Assuming the report is favorable to Mother, and the financial resources of Father are not at issue, Rule 1.7b2 would require that the inquirer receive the informed consent of the custody evaluator before agreeing to represent the custody evaluator. However, the Committee's analysis and concerns do not end here. While Rules 1.7a and b do provide for the waiver of conflicts of interest, the Comment to that Rule provides in part that:
A client may consent to representation notwithstanding a conflict. However, as indicated in paragraph (a)(1) with respect to representation directly adverse to a client, and paragraph (b)(1) with respect to material limitations on representation of a client, when a disinterested lawyer would conclude that the client should not agree to the representation under the circumstances, the lawyer involved cannot properly ask for such agreement or provide representation on the basis of the client's consent. [emphasis added].

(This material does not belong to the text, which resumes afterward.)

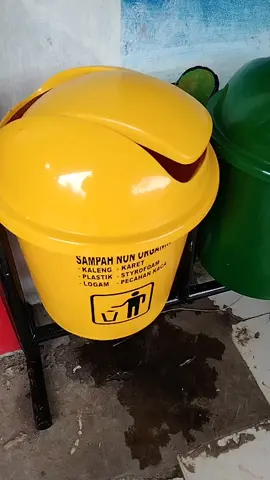 tempat sampah outdoor 3 pilah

After careful consideration, the Committee has come to the conclusion that the proposed representation regardless of any conflict of interest waivers, is not ethically permissible, as there are other considerations which the Committee feels can not be overcome.
The stakes and the emotions in a custody dispute run very strong and representation of both parties needs to be clear and unconflicted. For the mother's lawyer to be the focal point of pushing the father into paying the evaluator is only going to make the father angry (or more angry) at the mother and her lawyer. This will not help resolve the custody situation.
In addition the credibility of the evaluator's recommendation could be impaired should the mother's attorney handle the contempt petition. In the scenario proposed, that evaluation report, rather than being an objective one produced by an unbiased third party, would become the report of somebody allied with the mother's lawyer. In addition, the mother's lawyer could not use the same evaluator again in any matter, since the evaluator would then be a former client, and be perceived to have some allegiance to the mother's attorney. This would pose a conflict of interest between the father's lawyer and the client who needed the custody evaluation. In addition, a conflict of interest becomes apparent between the mother's attorney and the evaluator as a client, because the proposed representation by mother's lawyer, which would then preclude mother's lawyer from using this custody evaluator again, could in fact impact the future business opportunities of the evaluator.
Given these larger considerations, the Committee finds that a disinterest lawyer would in fact conclude that Mother and the custody evaluator should not agree to waive any of the conflicts present. As such the proposed representation is ethically impermissible.